Jody Peterson and I share some similarities; we both take action, we love involving our families in our pursuit of adventures, and we both happen to be blind. Like Jody, I also battled with accepting my condition as a teen and pushed away help. It wasn’t until I accepted blindness as part of my life that new paths opened up before me. Once Jody went through that same process he was able to dive in (pun intended) to new and exciting experiences:
“As a young person who was in the process of losing his sight, I struggled. I remember lugging around giant books of large print that wouldn’t quite fit in my backpack. I couldn’t see the board and missed information. I was afraid and embarrassed to read out loud in class when my eyes couldn’t process the data fast enough, and ultimately, I was just too ashamed to ask for help.
Some of my problems resulted from not being honest with both myself and others as to how my vision loss was progressing. I didn’t want to acknowledge that I was going blind. As I got older and embraced my situation, I found myself being less stressed and anxious. In my adulthood, I could concentrate on finding solutions and enjoy life instead of trying to hide the fact that I am blind.

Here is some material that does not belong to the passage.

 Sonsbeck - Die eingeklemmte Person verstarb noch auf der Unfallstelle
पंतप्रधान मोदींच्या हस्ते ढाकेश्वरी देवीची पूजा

In 2015, after living in the cold Michigan winters for many years, my wife, Cherie and I moved with our kids to the Jacksonville, Florida area. It was the perfect backdrop to explore a sport I had always been curious about: scuba diving. As a blind person, I am interested in the sensation of freedom and weightlessness that you experience under water.
I signed up for a “Try Scuba” event at a local recreation center and found myself, alongside my family, at the bottom of the pool breathing through regulators and experiencing something new. One of the coolest things for me was that it was something that all four of us could do as a family, with the added benefit that it took all of us out of our comfort zone. I use specialized equipment for blind scuba diving – for example, I have a full-face dive mask that has wireless communications built in. This adaptation allows me to communicate underwater to my dive buddy, who can describe the fish, the landscape, and other details to me. I continue to look for new technology, like an accessible dive computer that would voice crucial data such as depth and air pressure remaining.

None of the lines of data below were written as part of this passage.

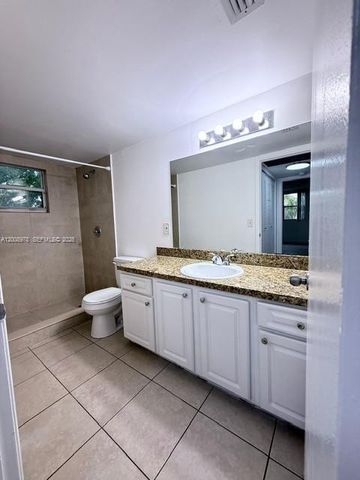 8333 Lake Dr 407, Doral, FL 33166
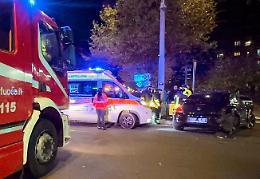 Sei feriti nello schianto all'incrocio: 4 sono bambini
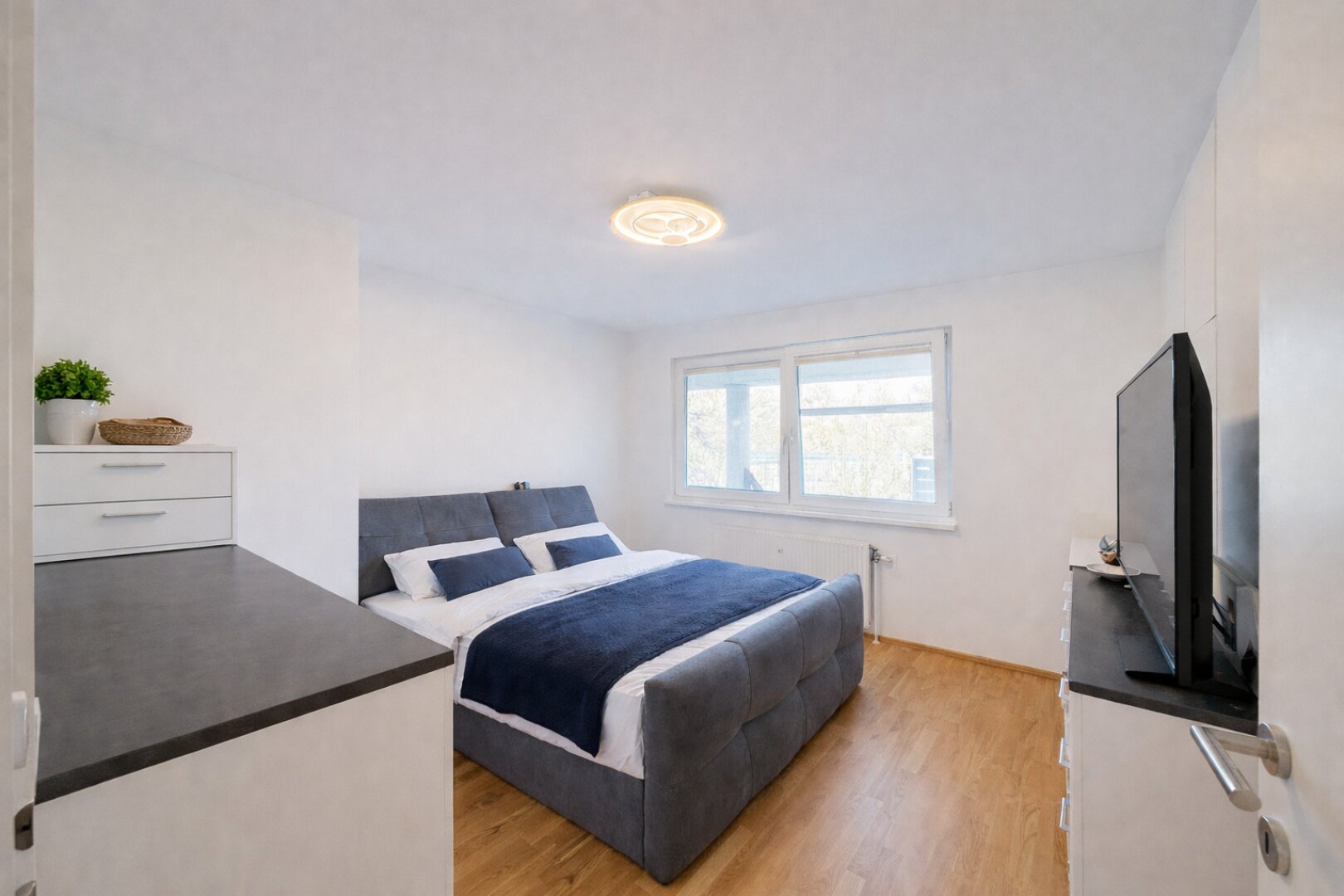 Großzügige 5-Zimmer-Maisonette mit Garten, Terrasse & Tiefgarage in 1220 Wien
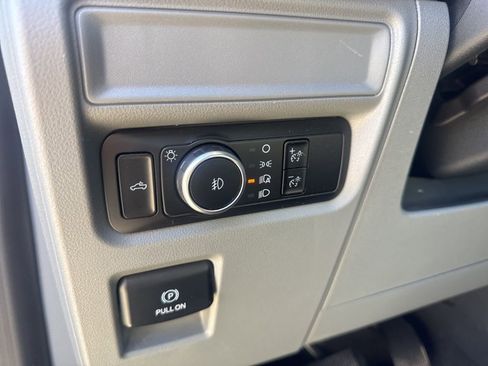 Used 2023 Ford F150 XLT image 18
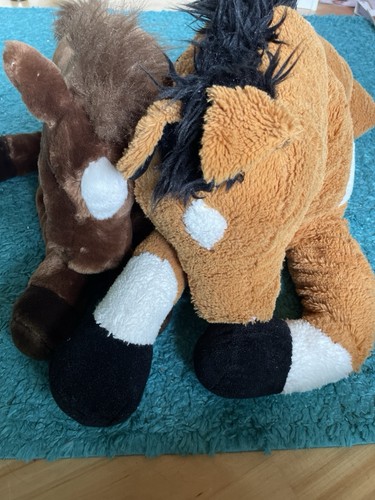 Zwei große kuscheltierpferde - zwei,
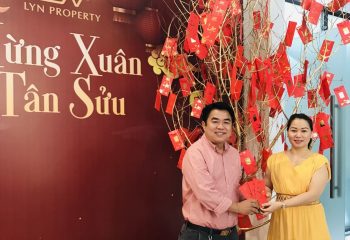 CHÚC MỪNG KHÁCH HÀNG NHẬN LÌ XÌ – ĐÓN LỘC KHAI XUÂN CÙNG LYN PROPERTY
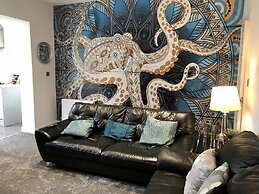 Stylish 3 Bedroom House Only 5 Mins From M6/m58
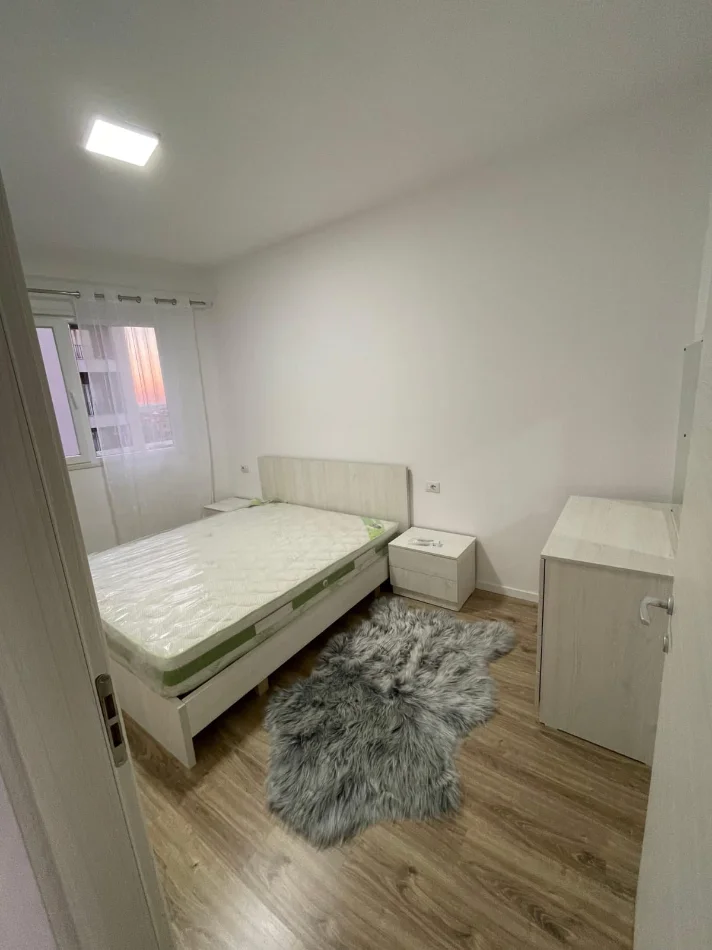 Tirane, jepet me qera apartament 1+1 Kati 6, 72 m² 570 € (Kompleksi Aura, rruga Dritan Hoxha)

I am an avid believer in using accessible technology to enhance my life. I use a screen reader to do my job in the Information Technology field, an accessible voice-over iPhone in daily life, and my wife pilots our tandem bike on the weekends. Adding scuba diving to that list of activities has opened the door and sparked my interest in doing even more. I want to move technology forward to help people like me overcome obstacles and continue to push the envelope.”

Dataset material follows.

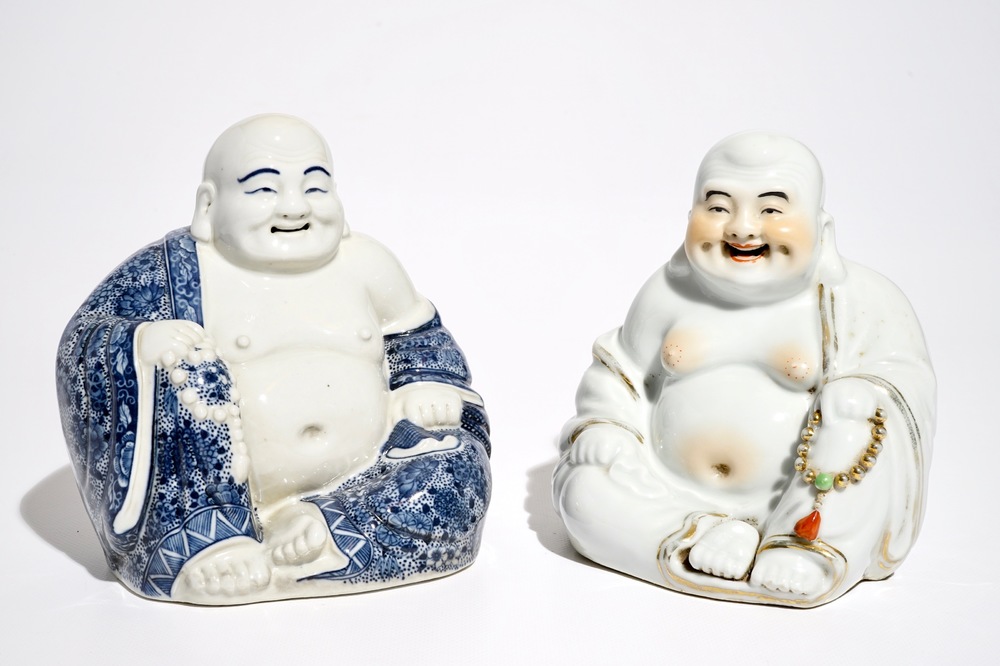 Twee Chinese blauwwitte en polychrome figuren van Boeddha, gemerkt, 19/20e eeuw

Since that day in the pool, Jody and his family completed their training to become open-water certified and have done several dive trips, including a week-long trip to Cozumel, Mexico and a three-day trip to the Florida Keys. This year, they will be taking two international trips to Curacao and Roatan.
Jody continues to be an advocate for bringing other blind folks into the sport of scuba diving. Way to dive deep, Jody!